United States District Court, S.D. New York

July 14, 2017




         Plaintiff Tayden Townsley, proceeding pro se and in forma pauperis, brings this action under 42 U.S.C § 1983 against defendants Superintendent William A. Lee, Lieutenant Mark A. Tokarz, Sergeant Neil Yando, corrections officer ("CO.") Robert Snedeker, CO. Warren Freeman, CO. James Lawyer, CO. William Stevens, Investigator Frank Ortiz, and the Estate of Dr. Herbert E. Goulding, alleging defendants used excessive force, failed to protect plaintiff, conducted an unlawful investigation, and were deliberately indifferent to plaintiffs serious medical needs in violation of his Eighth and Fourteenth Amendment rights.

         Before the Court is defendants' motion to dismiss the complaint pursuant to Rule 12(b)(6). (Doc. #29).

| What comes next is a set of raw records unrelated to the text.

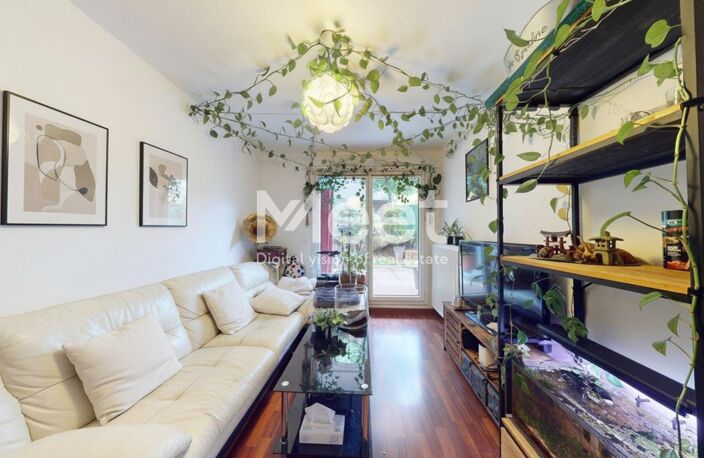 EXCLUSIVITÉ - VITRY SUR SEINE - APPARTEMENT 2 PIÈCES DE 41 M² AVEC JARDIN PRIVATIF - VENDU LOUÉ — photo 2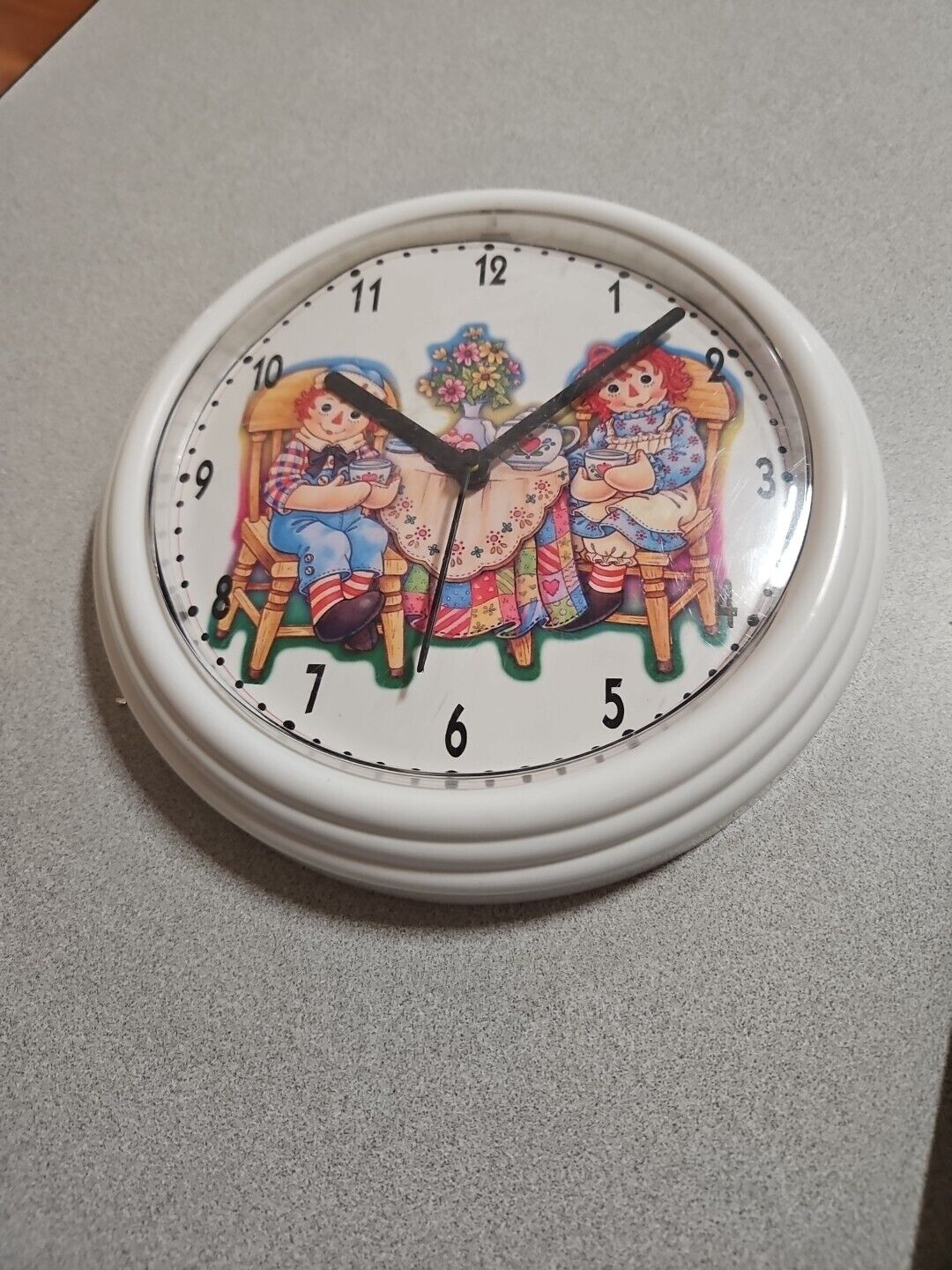 Vtg Raggedy Ann And Andy Wall Clock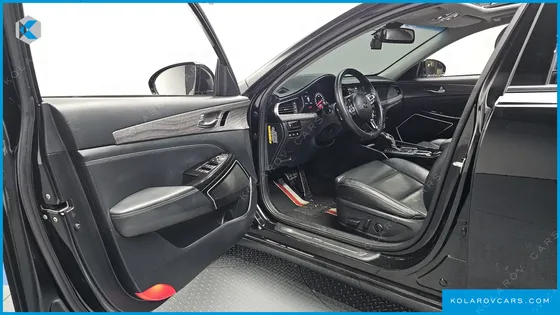 KIA K7 3.0 LPI LUXURY (RENTAL CAR)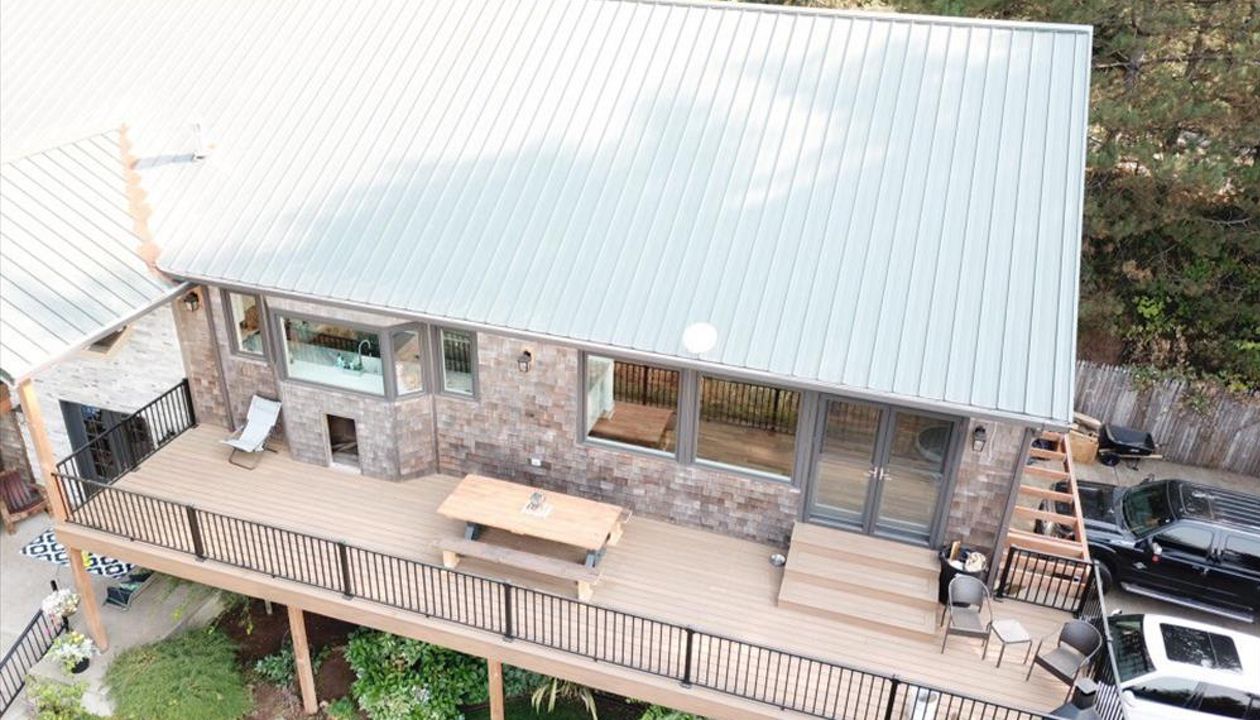 Dundee, OR Trex Deck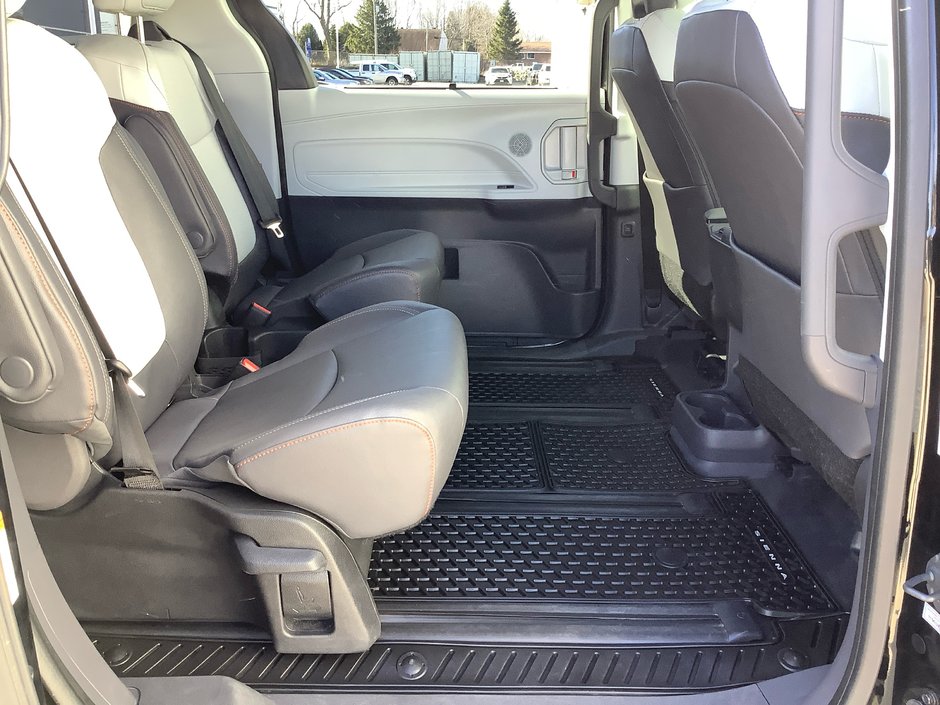 2024 Toyota SIENNA-12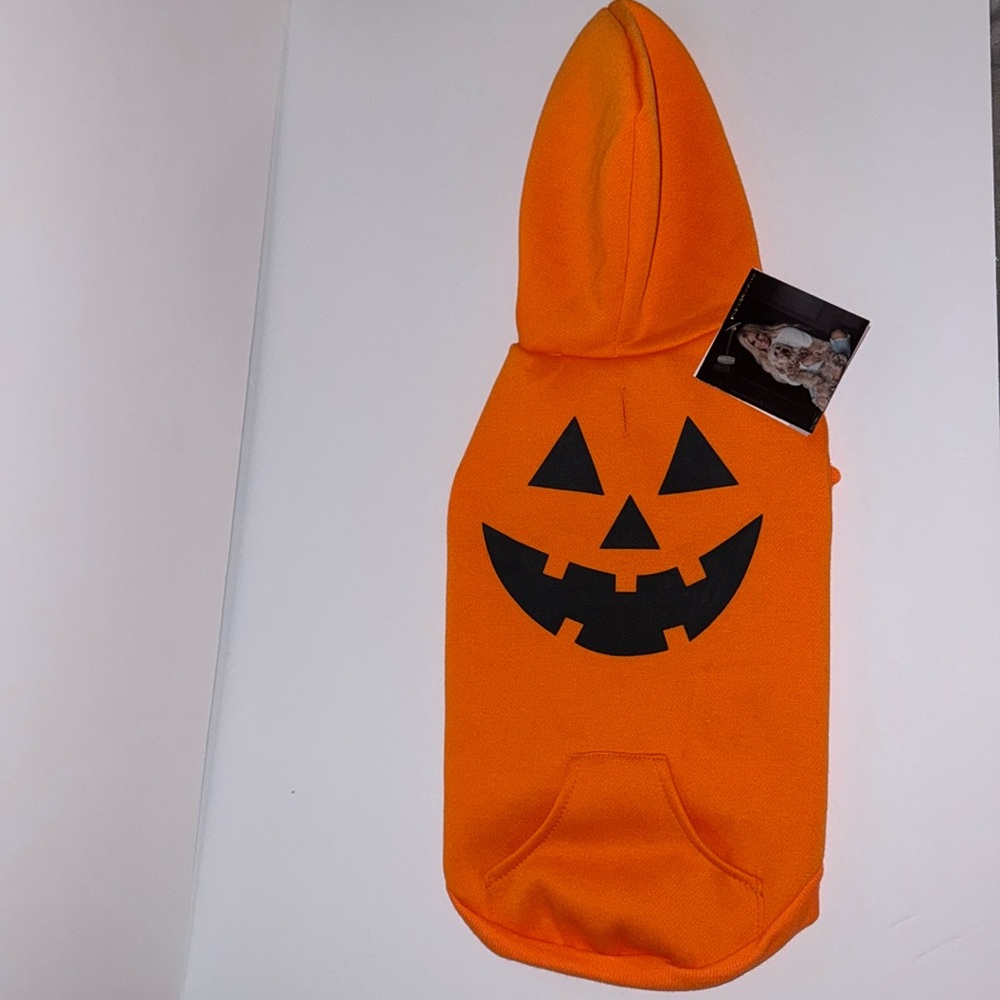 NWT Jessica Simpson Dog Halloween Orange Jack O’Lantern Pull Over Hoodie Sz M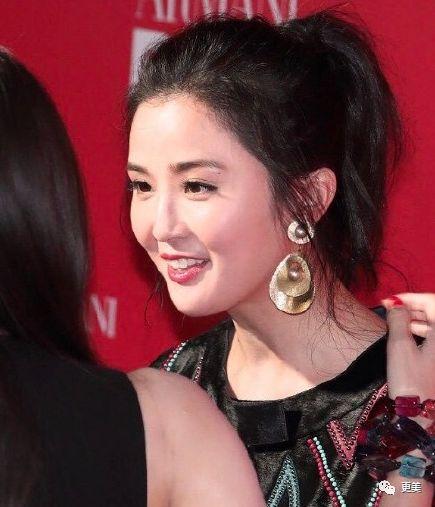 明星黑料网,明星黑料网背后的真相与影响-第3张图片-草莓视频深夜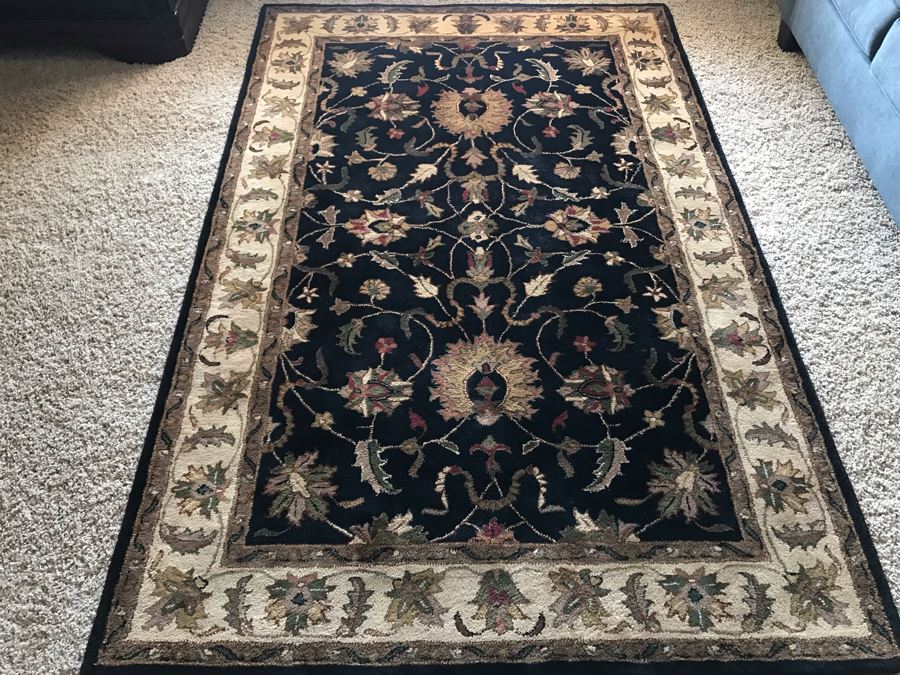 Ashley Furniture 100% Wool Pile Area Rug 5' X 7'9' [Photo 2]
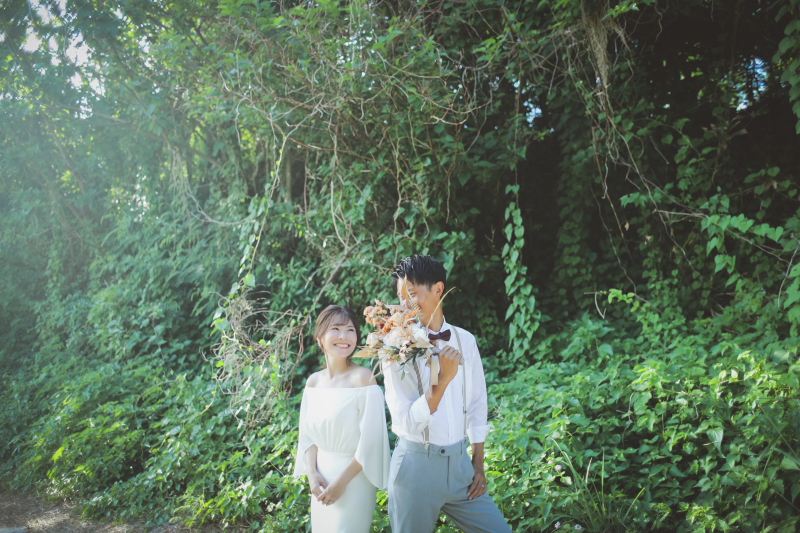 Navy Wedding_ガーデンで撮影できる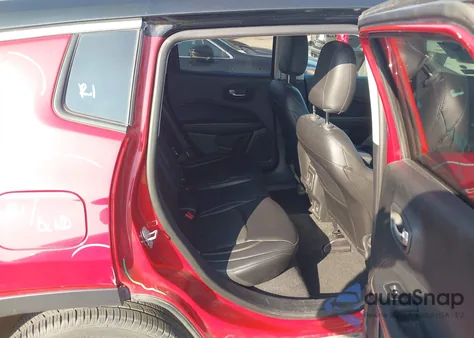 2018 Jeep Compass Latitude Fwd из США, поврежденный, VIN 3C4NJCBB1JT140436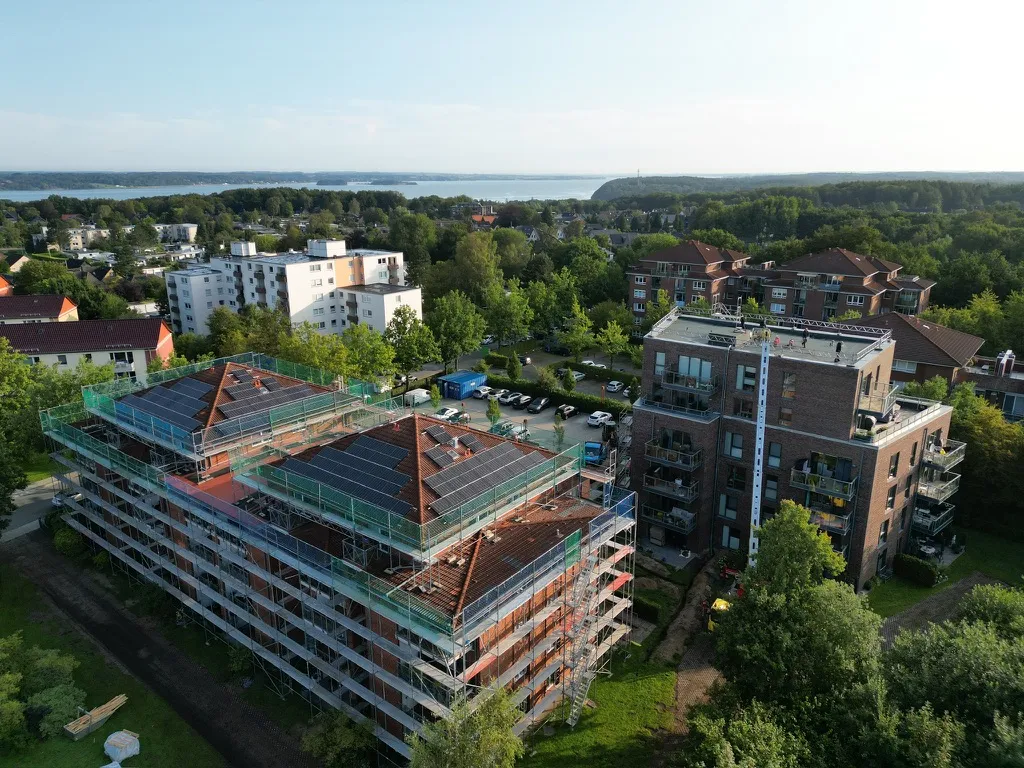 Bild einer Wohnanlage mit Solarpanels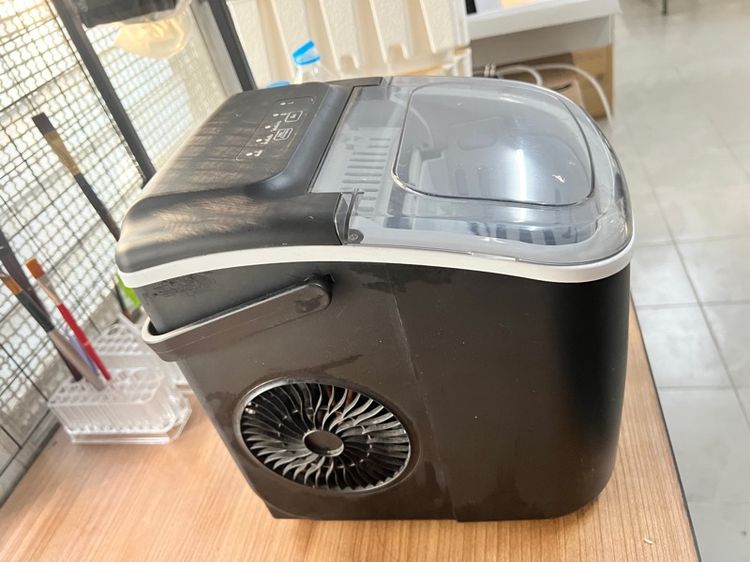 เครื่องทำน้ำแข็งขนาดเล็ก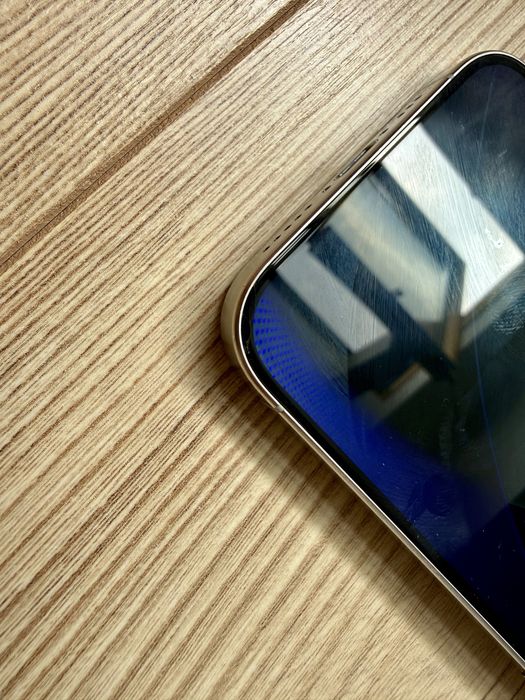Продавам iPhone 15 Pro 128 GB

         For the reasons set forth below, the Rule 12(b)(6) motion to dismiss is GRANTED as to defendants Lee, Tokarz, and Ortiz; as to defendants Estate of Dr. Goulding, Yando, Snedeker, Freeman, Lawyer, and Stevens, the motion to dismiss is converted to a motion for summary judgment. Fed.R.Civ.P. 12(d), 56, and that motion is also GRANTED.

         As to defendant Ortiz only, the Court sua sponte grants plaintiff leave to file an amended complaint, as further explained below.

         The Court has subject matter jurisdiction under 28 U.S.C. § 1331.


         For purposes of ruling on a motion to dismiss, the Court accepts all factual allegations of the complaint as true, and draws all reasonable inferences in plaintiffs favor. In addition to the facts alleged in the complaint, "[i]n considering a motion to dismiss for failure to state a claim pursuant to Rule 12(b)(6), a district court may consider .. . documents attached to the complaint as exhibits, and documents incorporated by reference in the complaint." DiFolco v. MSNBC Cable L.L.C.. 622 F.3d 104, 111 (2d Cir. 2010).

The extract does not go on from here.